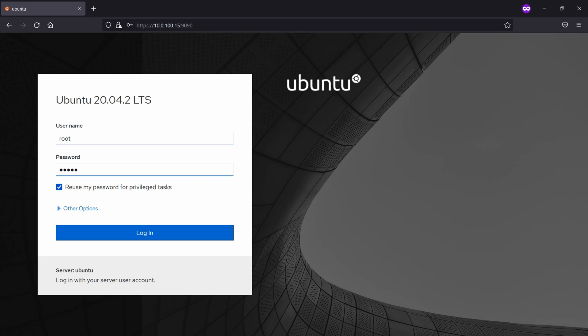Don't forget to check this box here to use your password for the privileged tasks. Click login.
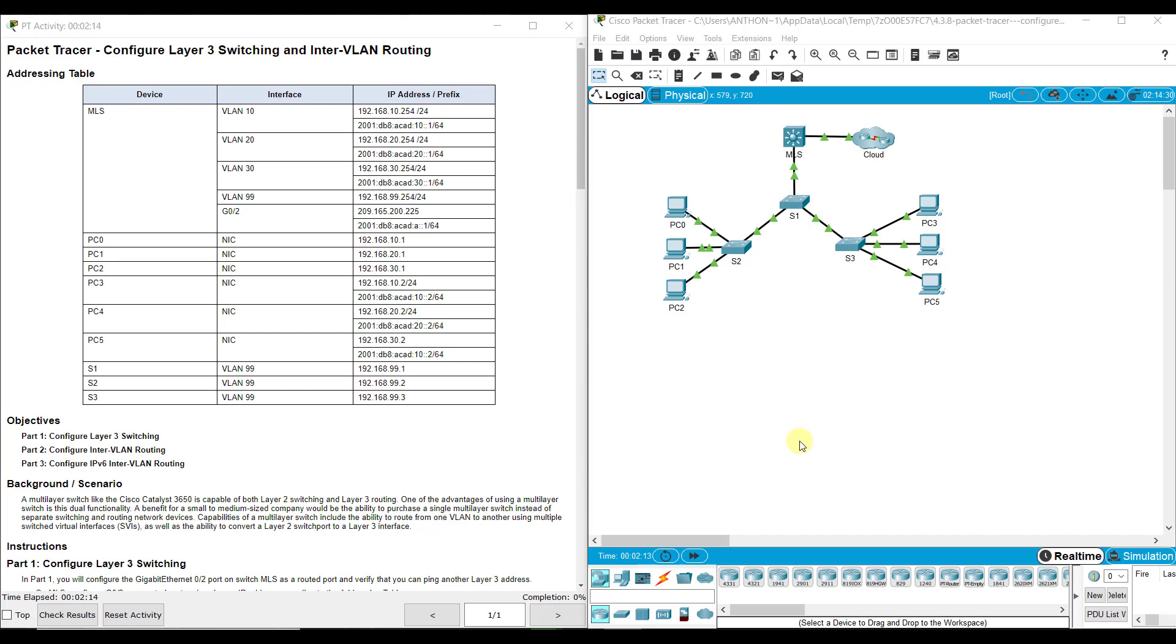Hi everyone. This video walks through completing Packet Tracer Assignment 4.3.8, Configuring Layer 3 Switching and Inter-VLAN Routing. This assignment is part of the Switching, Routing, and Wireless Essentials Version 7 Cisco Networking Academy curriculum.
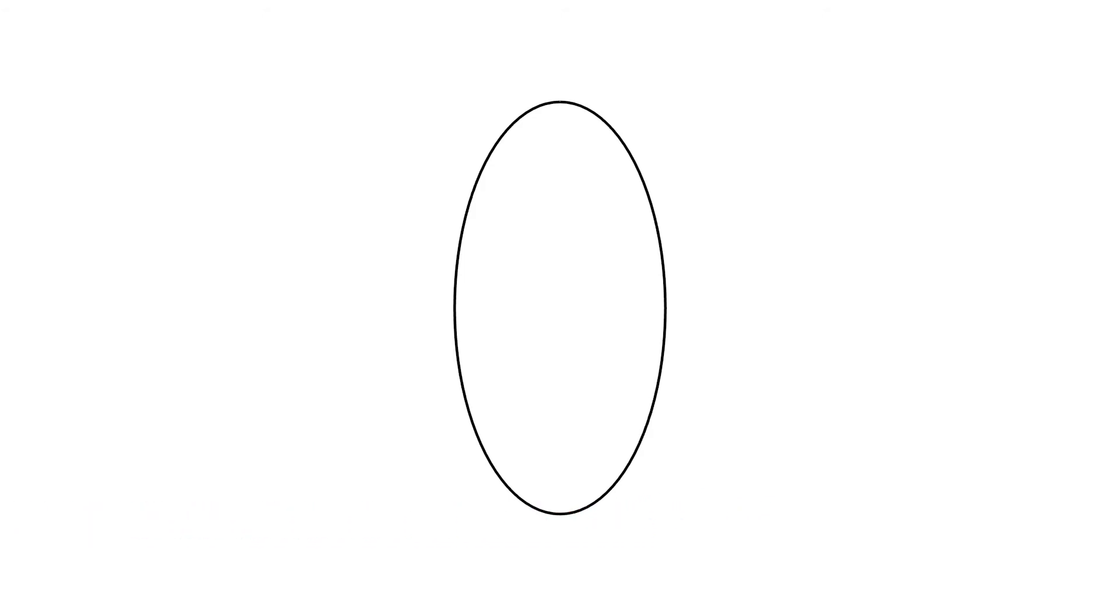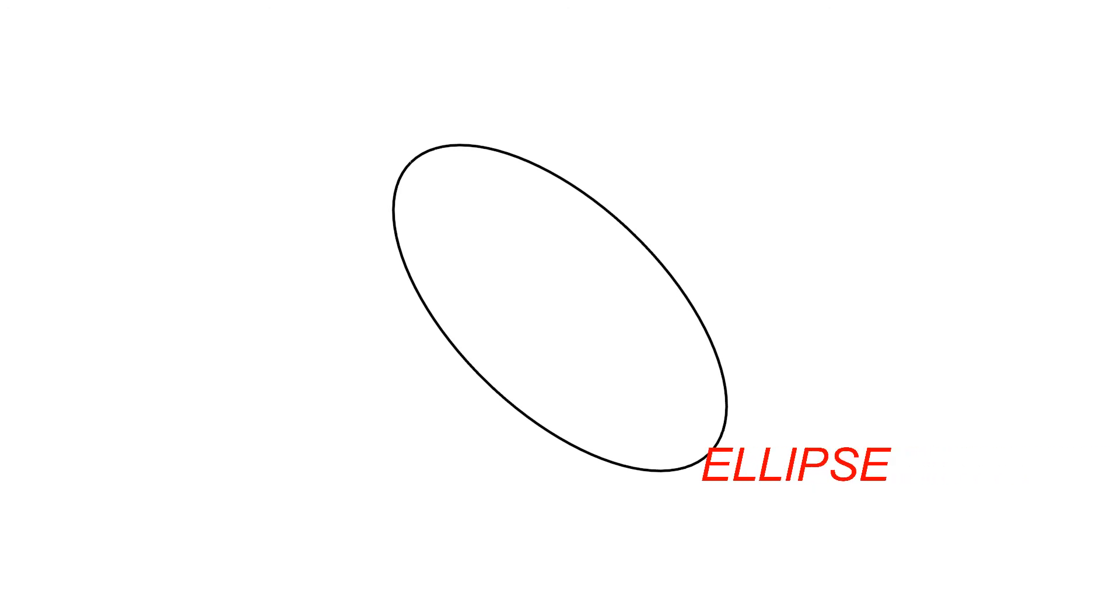If you squash it sideways, again you get an ellipse. In fact, squashed at any angle and it is still called an ellipse.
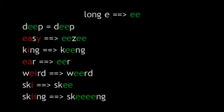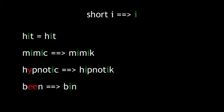Here's the long E spelled with two E's as in deep, easy, king, ear, weird, ski, and skiing. Notice that each of the I's in skiing has been replaced by two E's. Sorry, it is what it is.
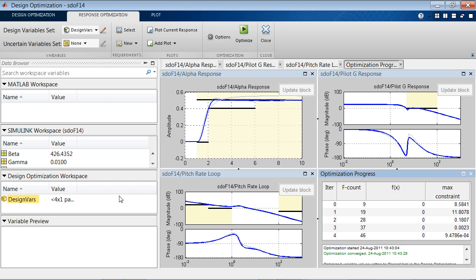So, now we have a Simulink model that meets the design requirements for our longitudinal flight control system. That concludes the demo. Thank you.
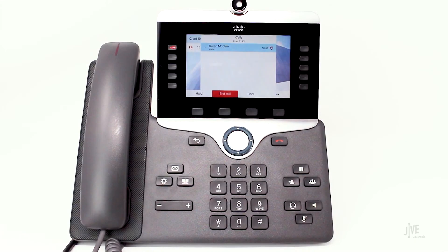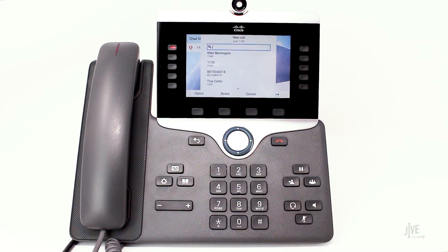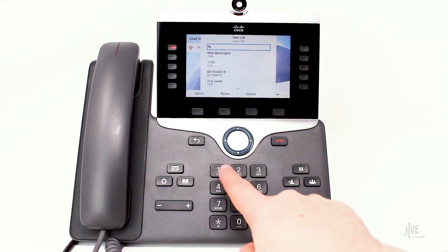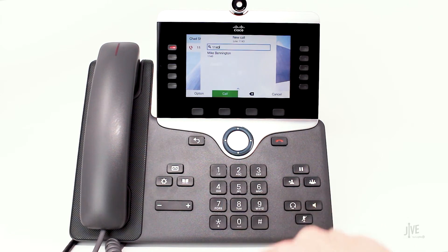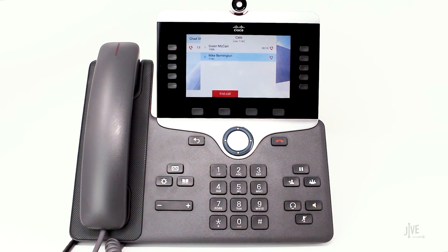While on an active call, press the conference key to place the original call on hold. Then dial the internal extension or external number of the party you wish to add to the call.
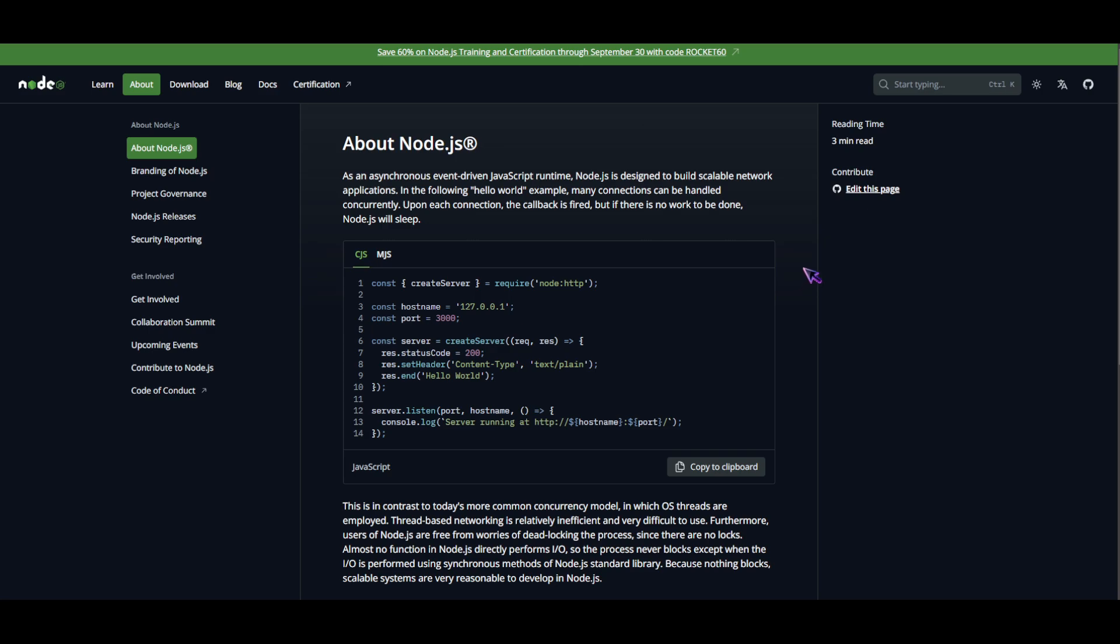Also, Node.js gives developers a lot of freedom as it uses JavaScript, and developers can use their existing knowledge to develop back-end applications. Now when it comes to the cons of Node.js:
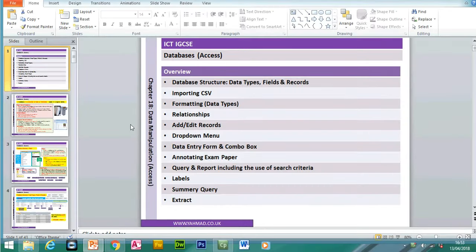Hello, welcome back to my YouTube channel. My name is Yasser Ahmed. Today we're going to be looking at chapter 18, data manipulation.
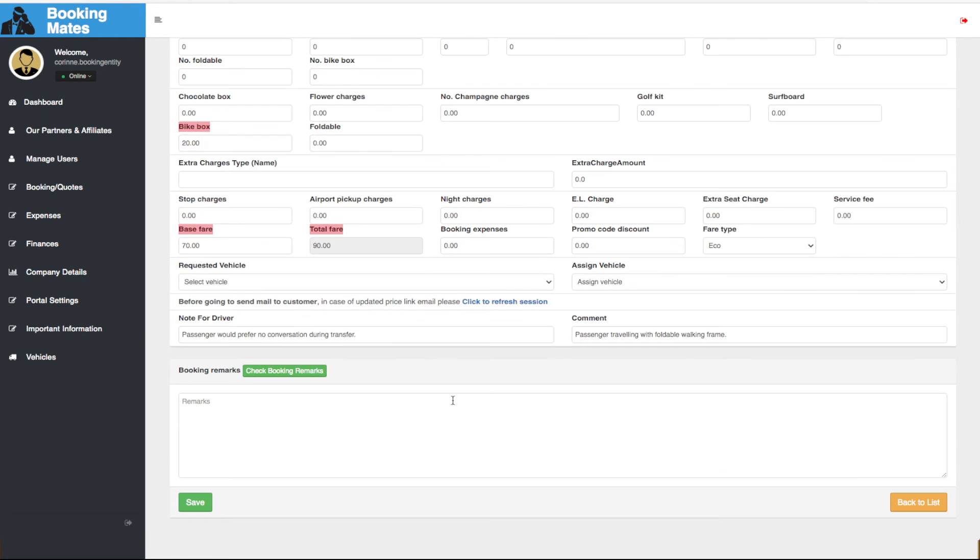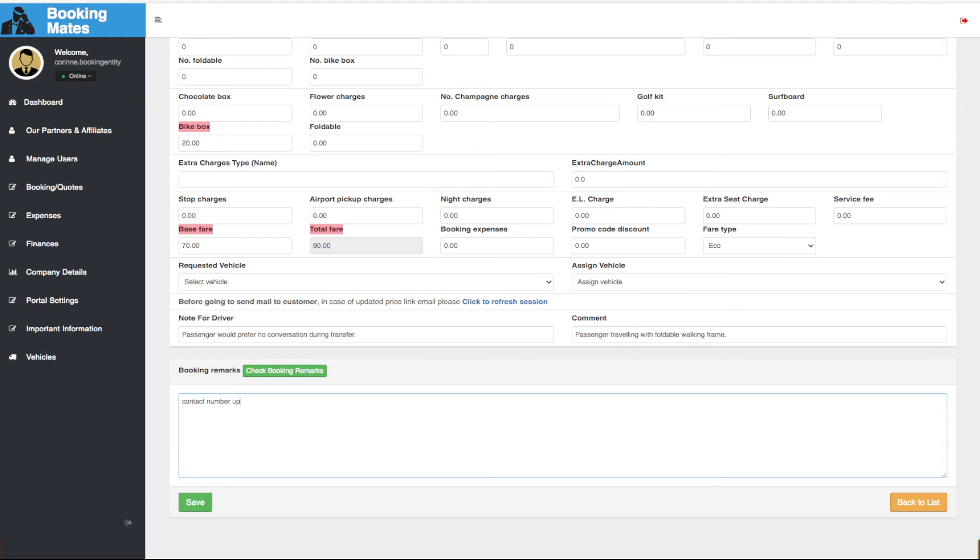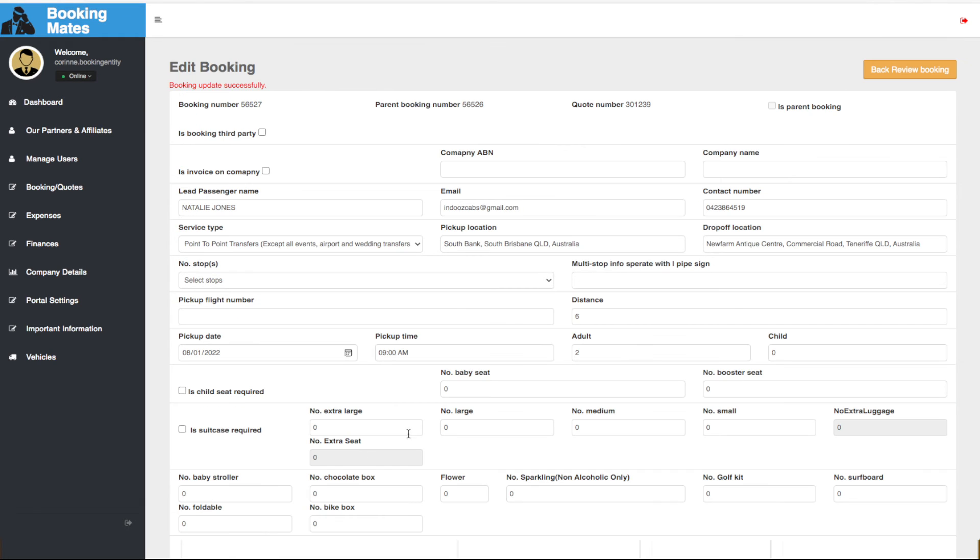We scroll down and note these changes in the booking remarks. We click save and send out a fresh confirmation to the passenger, or a fresh booking payment request if payment is yet to be made.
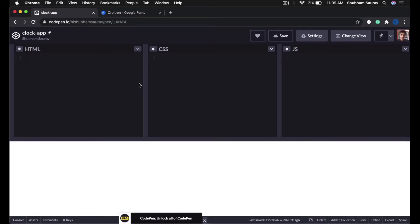Hey, what is up guys, welcome back to the class. I hope you guys are having a fantastic day. In today's class let's learn to build a digital clock application with HTML, CSS and JavaScript. A lot of you have been asking for this and finally today I am going to teach you how to build this clock application from scratch.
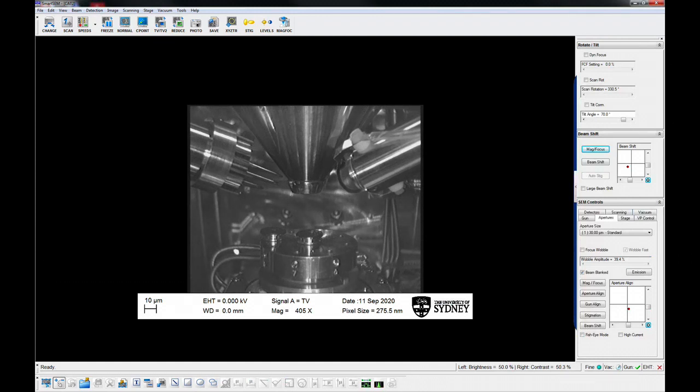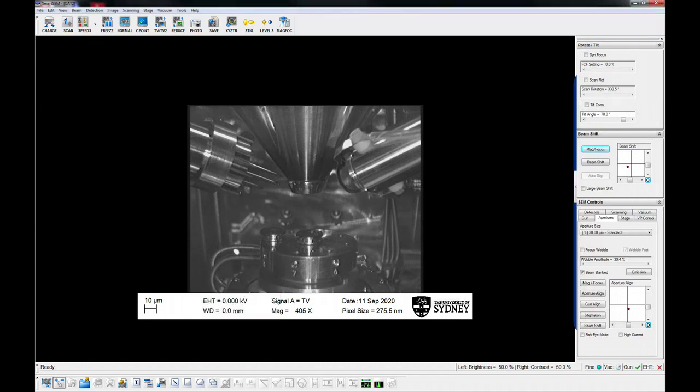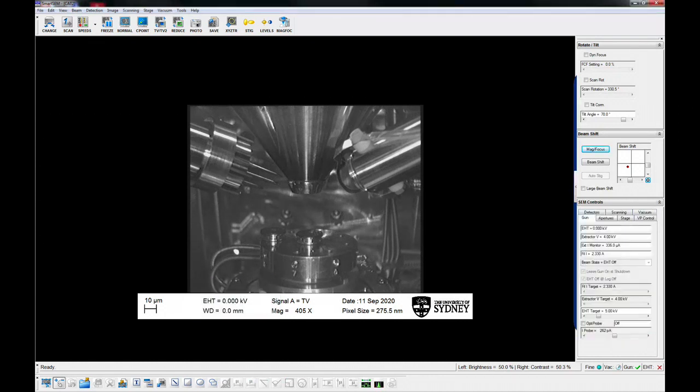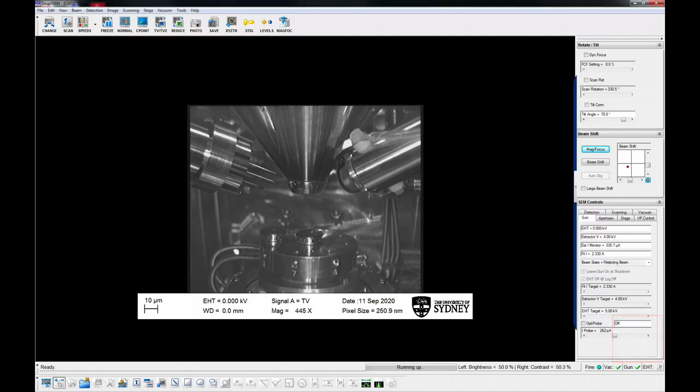Determine the beam conditions for your session. Experimentation will be required to get the optimal settings. Set the desired KV in the gun panel or the data bar on the SEM screen. When the chamber reaches working vacuum, switch on the EHT.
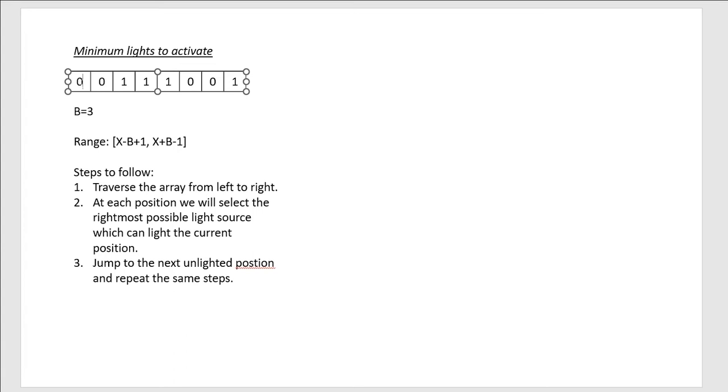And the reason why we are doing that is because if we select the rightmost source, it will cover as many positions to the right as possible, and that will be good for the further positions because then we will get the minimum lights that are activated.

**TASK:** Using the records above, extract exactly and only the lines from the one with "If you squash" through the final line, inclusive, leaving out pictures.

**WRITTEN RESPONSE:**
If you squash it sideways, again you get an ellipse. In fact, squashed at any angle and it is still called an ellipse.
Here's the long E spelled with two E's as in deep, easy, king, ear, weird, ski, and skiing. Notice that each of the I's in skiing has been replaced by two E's. Sorry, it is what it is.
So, now we have a Simulink model that meets the design requirements for our longitudinal flight control system. That concludes the demo. Thank you.
While on an active call, press the conference key to place the original call on hold. Then dial the internal extension or external number of the party you wish to add to the call.
Also, Node.js gives developers a lot of freedom as it uses JavaScript, and developers can use their existing knowledge to develop back-end applications. Now when it comes to the cons of Node.js:
Hello, welcome back to my YouTube channel. My name is Yasser Ahmed. Today we're going to be looking at chapter 18, data manipulation.
We scroll down and note these changes in the booking remarks. We click save and send out a fresh confirmation to the passenger, or a fresh booking payment request if payment is yet to be made.
Hey, what is up guys, welcome back to the class. I hope you guys are having a fantastic day. In today's class let's learn to build a digital clock application with HTML, CSS and JavaScript. A lot of you have been asking for this and finally today I am going to teach you how to build this clock application from scratch.
Determine the beam conditions for your session. Experimentation will be required to get the optimal settings. Set the desired KV in the gun panel or the data bar on the SEM screen. When the chamber reaches working vacuum, switch on the EHT.
And the reason why we are doing that is because if we select the rightmost source, it will cover as many positions to the right as possible, and that will be good for the further positions because then we will get the minimum lights that are activated.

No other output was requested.